NEW YORK — Put away the chicken nuggets and grab some broccoli, moms and dads. A new study finds 69 percent of parents say they want their kids to eat more plant-based foods. Surprisingly, even more parents (72%) say their children are a lot more open-minded when it comes to trying new foods than they were at the same age.
A new poll of 2,005 parents of school-aged children (5-17 years-old) finds kids are more open to trying new things in general than their parents were as kids. The study, conducted by OnePoll in conjunction with Sabra, aimed to discover how kids and parents approach healthy eating. Researchers reveal 85 percent of parents want to provide better snack options for their children than they had as kids.
The push for parents to offer healthy snacks may stem from the simple fact that 76 percent of adults feel they snacked on way too much junk food as kids. The good news is three in four parents have found success as grown-ups; saying their kids have a much healthier diet than they did.
Parents are also fulfilling their kids’ dining desires by choosing snacks they already know their kids will like. Unfortunately, two in five respondents say they simply don’t have the time to provide healthy snacks for their kids.
No time to eat healthily?
Sixty-three percent of adults go on to say they wish providing healthy snacks was less time-consuming. Another 57 percent still struggle to find snacks that are “better for them” and that kids would want to eat.

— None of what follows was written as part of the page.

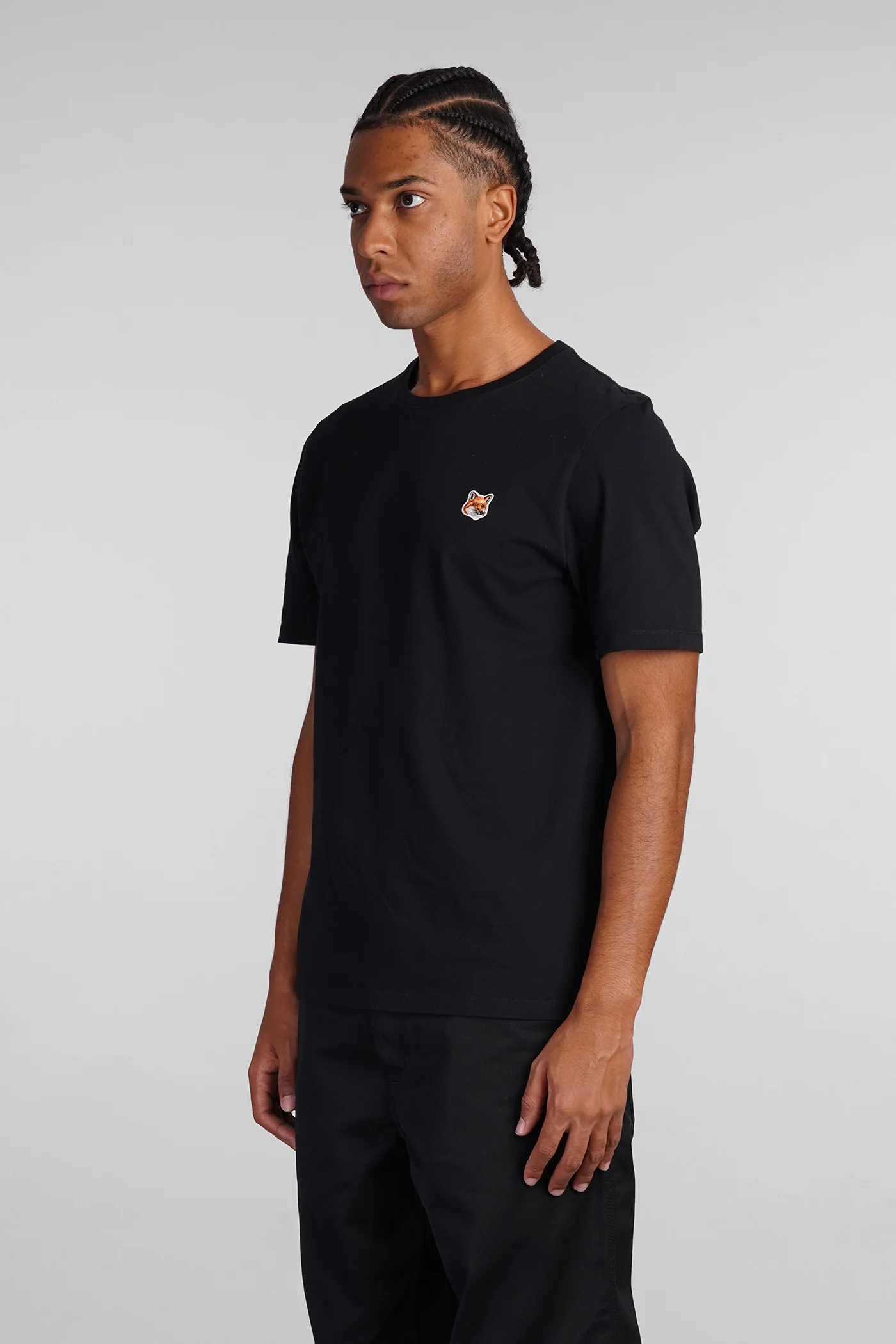 T-Shirt in black cotton - Image 4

Nearly half the poll (45%) admit to avoiding giving their children healthy snacks over fears their kids won’t enjoy them.

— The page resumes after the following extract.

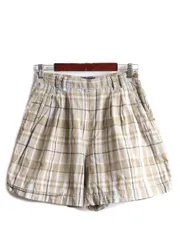 【お得なクーポン配布中!】 90s OLD GAP チェック キュロットパンツ S ショートパンツ ショーツ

“While kids can still be selective, they are really open to trying new things so long as the choices offered taste great,” says Jason Levine, CMO for Sabra, in a statement.
While kids are now more open-minded when it comes to trying new food, sometimes they still need a little coaxing. Seven in 10 parents say they will get their kids to try a new snack if they “dare” them.

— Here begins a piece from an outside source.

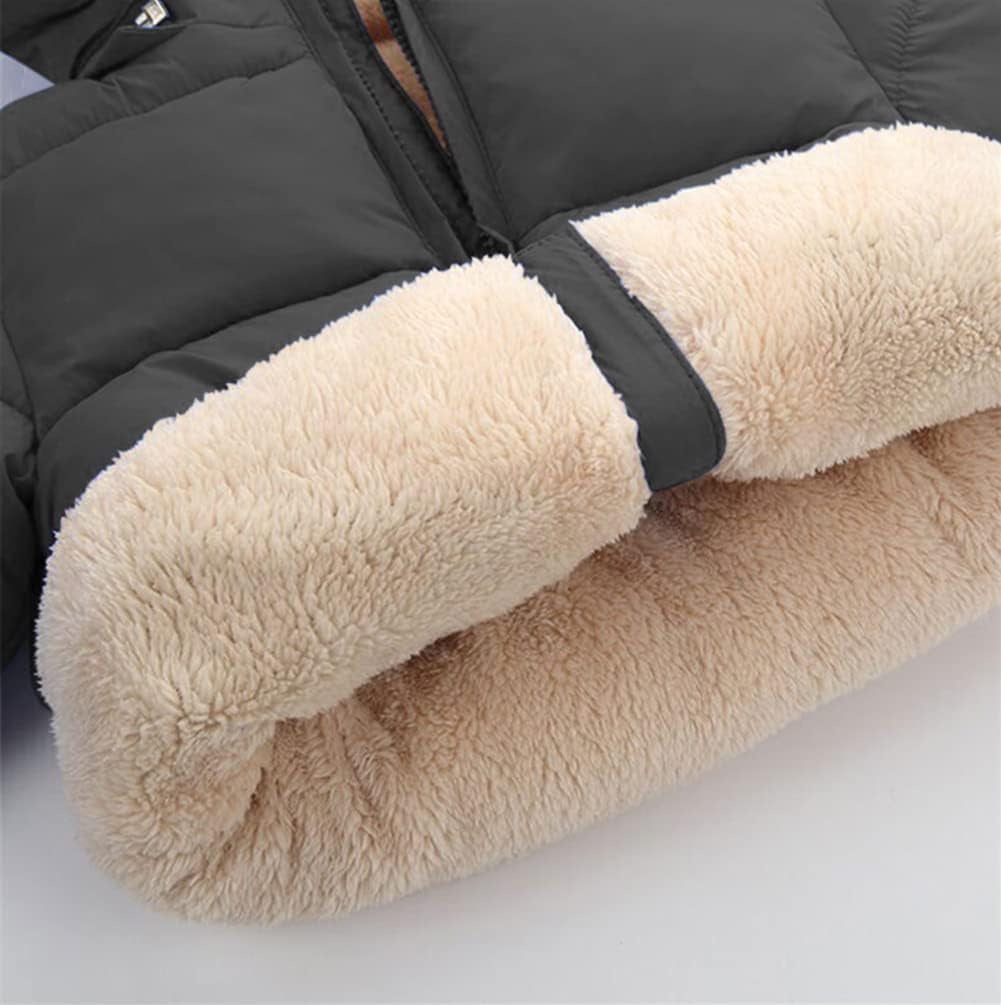 Hooded puffer winter coat, view 5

Sixty-three percent say their kids really enjoy eating plant-based foods. Sixty-two percent of parents add their kids actually like vegetables that they themselves still despise to this day. This list includes spinach (20%,) green beans (19%), apples (19%), and tomatoes (18%).
Is meat on the way out of our collective diet?
So what is motivating kids to opt for better foods and snacks, aside from parents daring them? Over a third (34%) say their children are genuinely curious about plant-based foods. Another 74 percent say their kids want to eat more plant-based because it’s better for the planet. Over a quarter (27%) add their kids have embraced vegetarianism and another 23 percent are raising flexitarian children — who prioritize plant-based foods.
“Busy parents have been challenged when it comes to finding great-tasting snacks they feel really proud of giving their kids,” Levine adds. “But with a little planning and smart choices, incorporating more plant-based foods into your kids’ meals can be as simple as it is delicious.”